Puritan Ireland’s Dead and Gone

[I guess this post includes some quasi-spoilers, so if you’re about to read The Whitethorn Woods, be warned.]

In an early chapter of Maeve Binchy’s The Whitethorn Woods, a 60-something Dubliner named Vera decides to sign up for what the brochure bills as a “singles’ holiday.”  She figures that, being single, she should fit right in,  but of course it turns out that her fellow passengers on the trip to Italy are 20somethings geared up for a week of mojito-stained hookup madness.  She adapts well, learning their strange names (Todd, Glen, Sharon–it seems that young Irish swingers have names that to American ears call up images of vans with fur-lined interiors blasting “Afternoon Delight” from the 8-track) and becoming a sort of wise aunt, plus (of course meeting a nice older gent herself.

As surprised as Vera is, it is nothing compared to the shock that this story would give a reader from the 1970s.  It’s hard to know what would seem strangest, that young people would be running off to have sex with no thought of eternal hellfir or social ostracism (and not just young people, for Vera gets some in the end too)…or the idea that working-class Dubliners can afford to fly to Italy on vacation.  The puritanical agrarian Celtic paradise imagined by De Valera has been changed, changed utterly.

Well, maybe not utterly.  Binchy’s book certainly is full of things that will resonate for anyone who has been reading about modern Ireland: immigrants from Eastern Europe (the first people in maybe 2000 to come to Ireland without weapons), priests coming to terms with the fact that they’re no longer expected to tell everyone in minute detail how to live their lives, politicians getting rich on kickbacks from construction projects…and so on.
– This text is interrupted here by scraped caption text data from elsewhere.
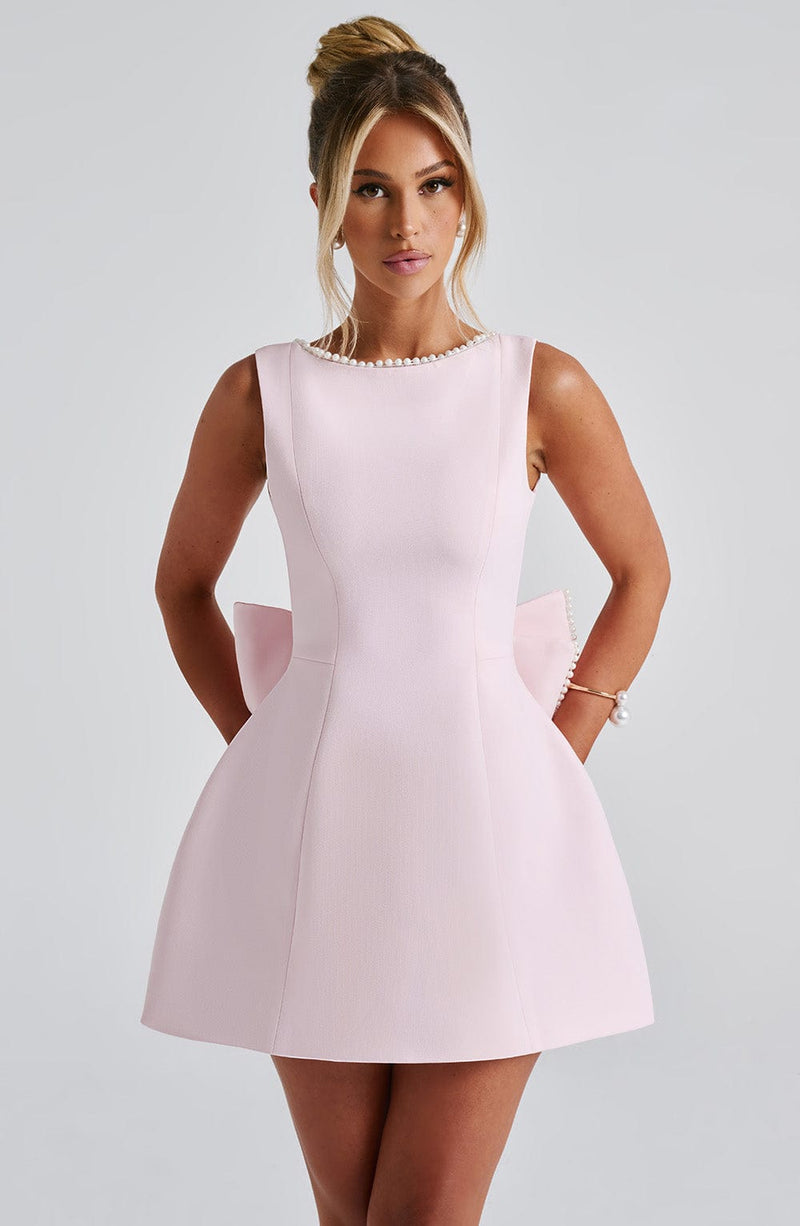 Mini Dress Bow Back-dresses > mini dress-Laventaire-Laventaire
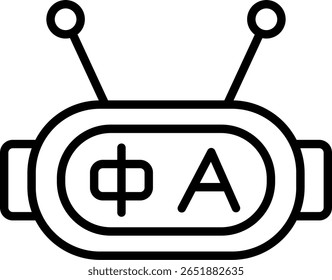 Translation Vector Line Icon Design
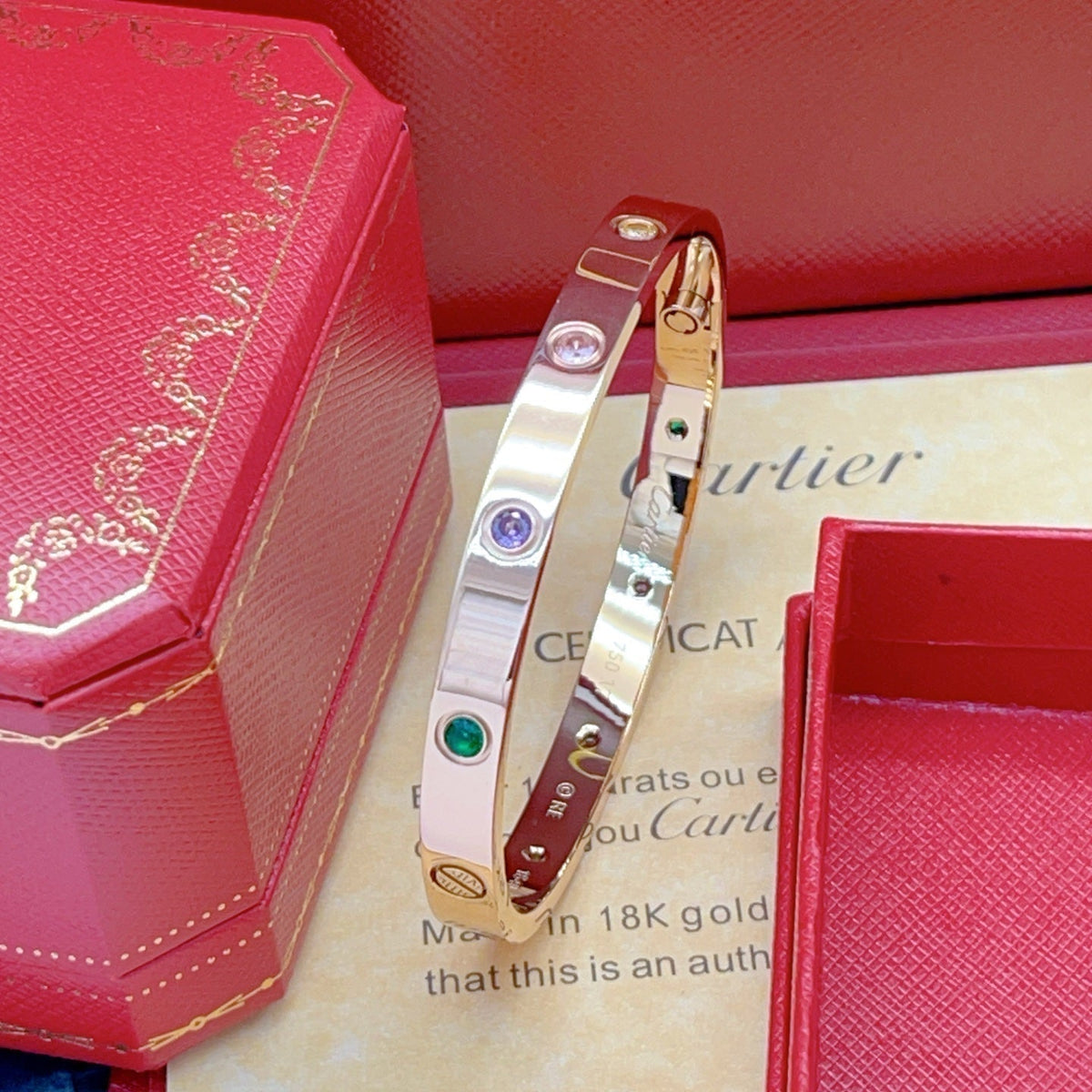 [⭐Renara] 2026 RAINBOW LOVE BRACELET 6.1MM  10 DIAMONDS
Still, the book’s fulcrum is a shrine to St. Ann, where supplicants ask for their heart’s desire, so the characters are not exactly a bunch of atheist radicals.  Mostly the petitioners are lookign for love of the serious settle-down variety; even Glen and Sharon are really just doing the Club Med thing to find a wife/husband.  So this is mostly a version of ‘modern’ that my mother could have approved of…for example, though the existence of gay people is acknowledged–something that by itself would have gotten the book banned in De Valera’s Ireland–none of those seeking love are gay.  Fabian the hairdresser is, we might say, openly straight, constantly telling girls that he isn’t into guys, really.  You will certainly not find anything here like the story in Colm Toibin’s Mothers and Sons where a young man deals with his mother’s death by going to an all-night rave, downing a bunch of pills, and having sex on the beach with one of his male buddies (it’s an oddly heartwarming story, don’t mind my flip tone).
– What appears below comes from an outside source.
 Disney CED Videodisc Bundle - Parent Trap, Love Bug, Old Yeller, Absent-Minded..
After the first few episodes, the stories start to get that not-so-fresh feeling, and it feels as though Binchy is laboring to tidy everything up.  I am reminded of a child I once knew whose favorite game was “rowing up.”  When Jessica was 3 or 4 years old, my sister A., who was babysitting her, would create a great pile of everybody’s shoes in the basement (well, sometimes this pile just happened to be there already) and Jessica, with the intense earnestness of small children, would match them and line them up in a neat formation.  Sometimes in The Whitethorn Woods I sense that the desire to row everybody up has taken over from the desire to tell a human story, and characters may end up pursuing a partner just because he isn’t actually smelly despite being called Skunk,  or because she’s a good accountant (I would be the last man to disparage the charms of accountants, but one hopes for a little more than a facility with spreadsheets).  The worst case involves the resolution of the controversy over a plan to build a new motorway through St. Ann’s shrine.  Neddy Nolan is, I think, intended to be our favorite character, but his Forrest Gump holy-fool shtick gets old (at least for me), and in the end Binchy, in order to create suspense, makes him act like a paranoid freak, mortgaging his father’s farm to take out a huge loan in order to fund his own secret development plan.  He somehow does this without telling his wife or his father, or even telling the banker what the loan is for.  Maybe this is somehow legal in Ireland, but it sure as hell isn’t ethical in any country.  When his wife finds out what he’s done, she is so relieved that he’s not cheating on her that she doesn’t even get mad at him.

So it all pretty much falls apart at the end.  Besides the Neddy Nolan shenanigans, one of the last chapters tells the story of a deaf girl who applies to a special school and is given a horrifying public “intelligence test”–I hope that this episode reflects Binchy’s ignorance rather than the standards of the Irish educational system.  My favorite question is the one where the child, supposedly a math whiz, is given a picture of a triangle and identifies it as a piece of cheese, which miraculously turns out to be the right answer…well, the Irish do love their dairy products.

PS: A good book about recent Irish history is RF Foster’s Luck and the Irish,  where you can learn about the nefarious doings of Charlie Haughey, the heroism of Mary Robinson, and some of the scandals that helped cut the Church down to size.